▶ _Exercise details_:
Where a picture shows up in the listing below, omit it and output the rest exactly.

▶ _Raw data_:
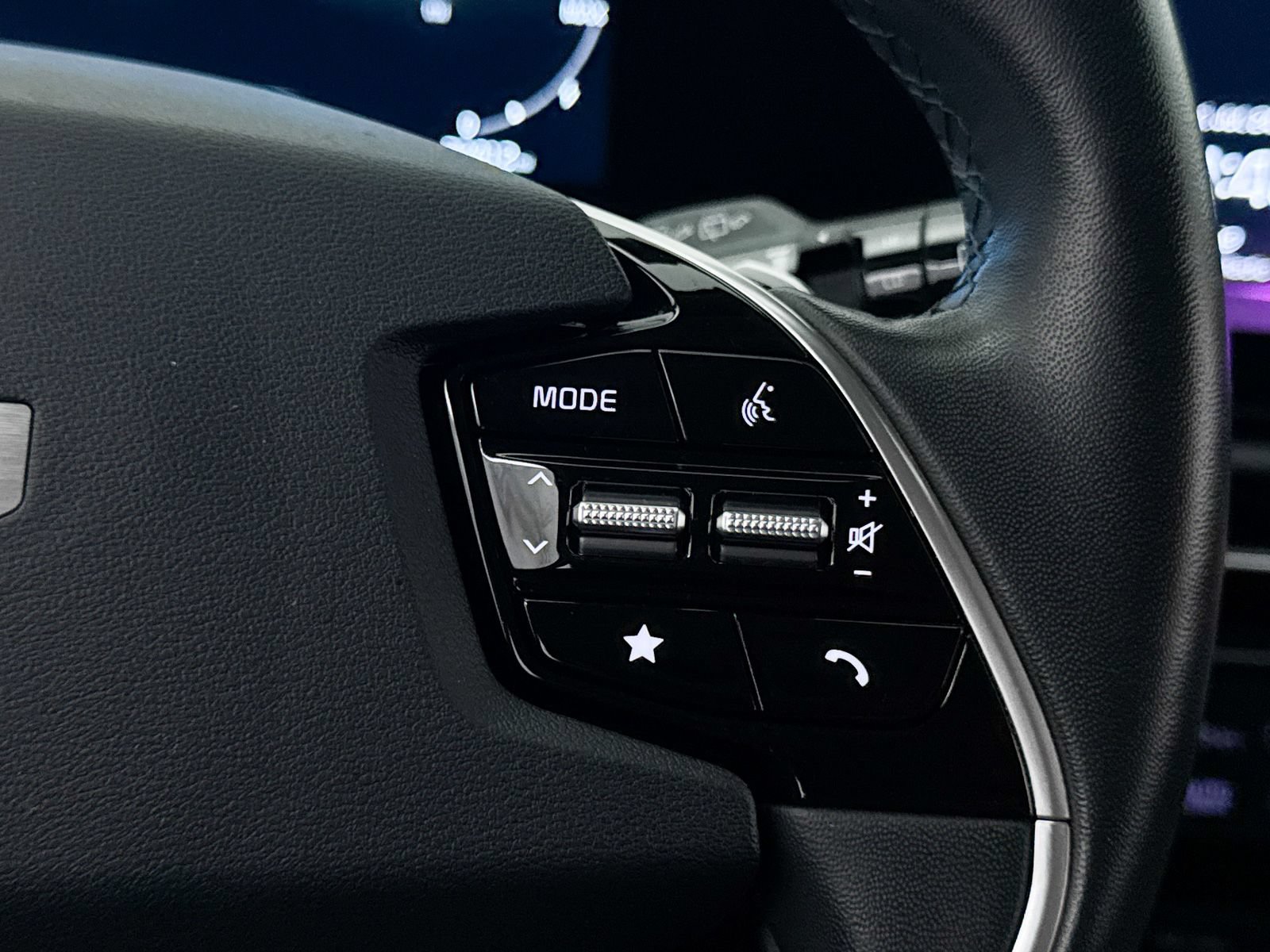Certified 2023 Kia Niro Wind FWD image 34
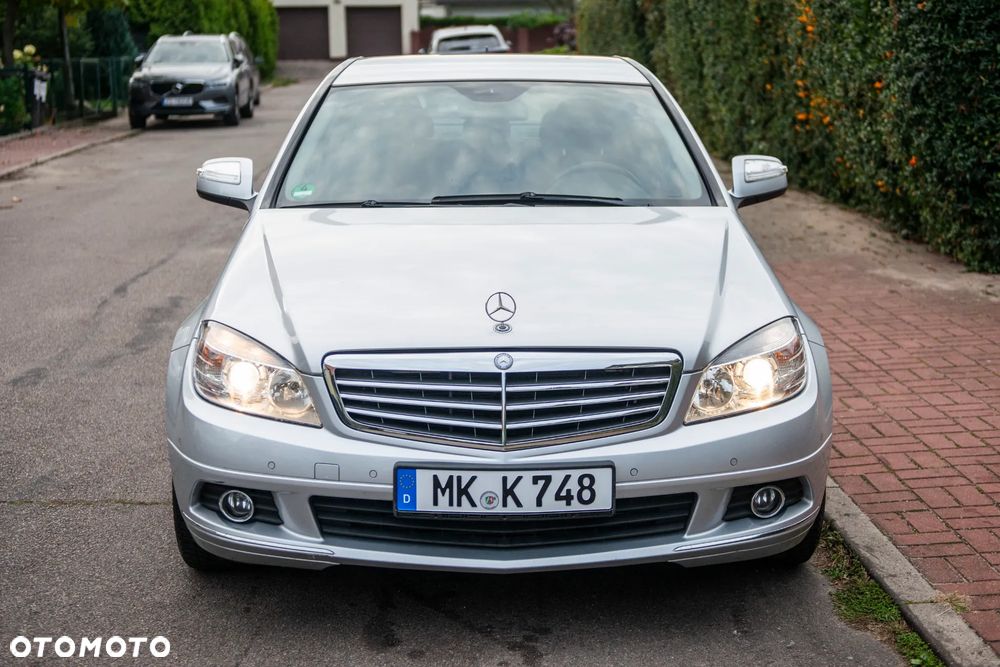 Mercedes-Benz C-Class 2007 photo 2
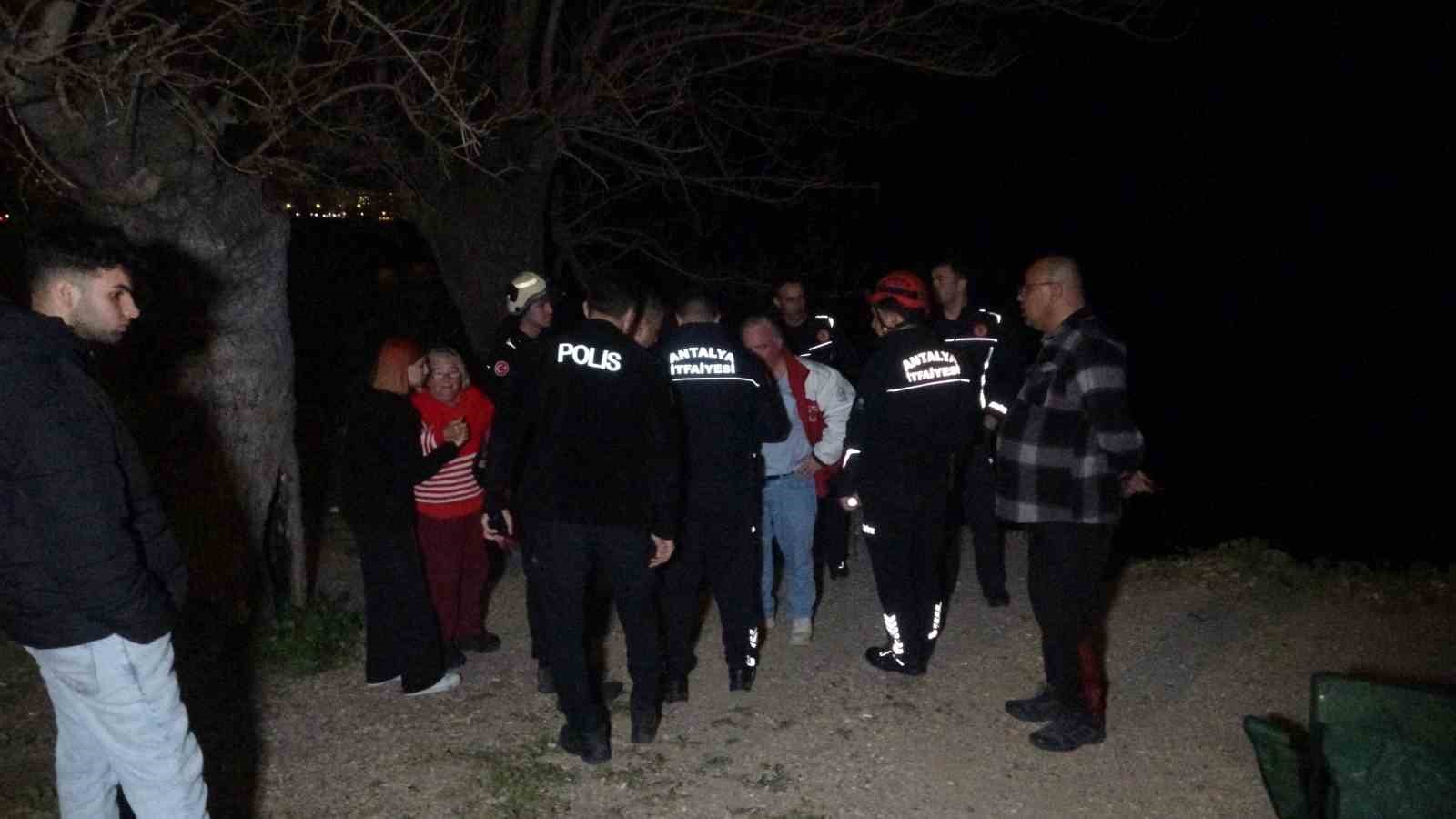 Antalya’da 30 metrelik falezlerden düşerek ölen müzisyenin son türküsü yürekleri yaktı
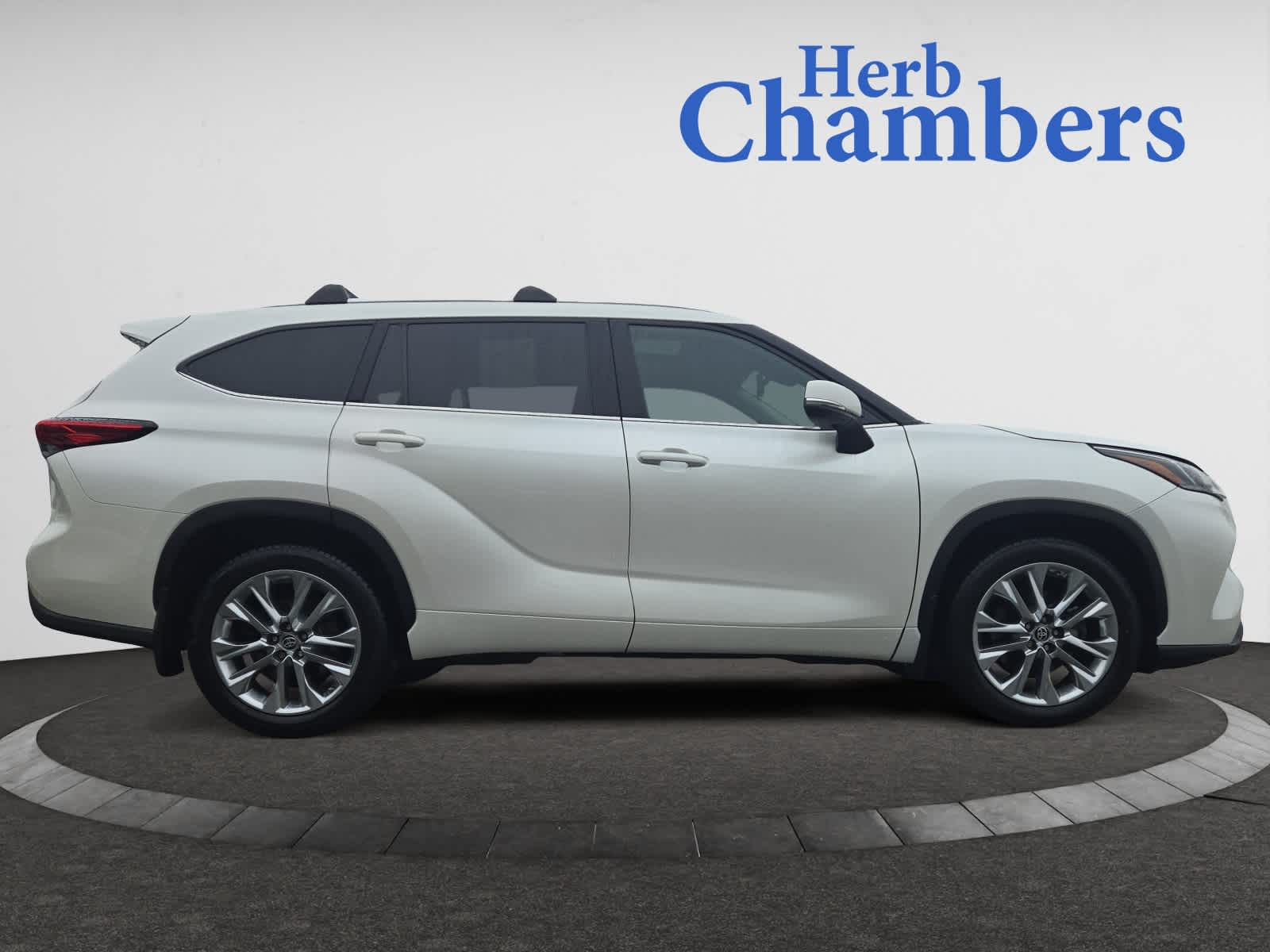 used 2021 Toyota Highlander car, priced at $38,998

▶ _Solution below_:
Certified 2023 Kia Niro Wind FWD image 34
 Mercedes-Benz C-Class 2007 photo 2
 Antalya’da 30 metrelik falezlerden düşerek ölen müzisyenin son türküsü yürekleri yaktı
 used 2021 Toyota Highlander car, priced at $38,998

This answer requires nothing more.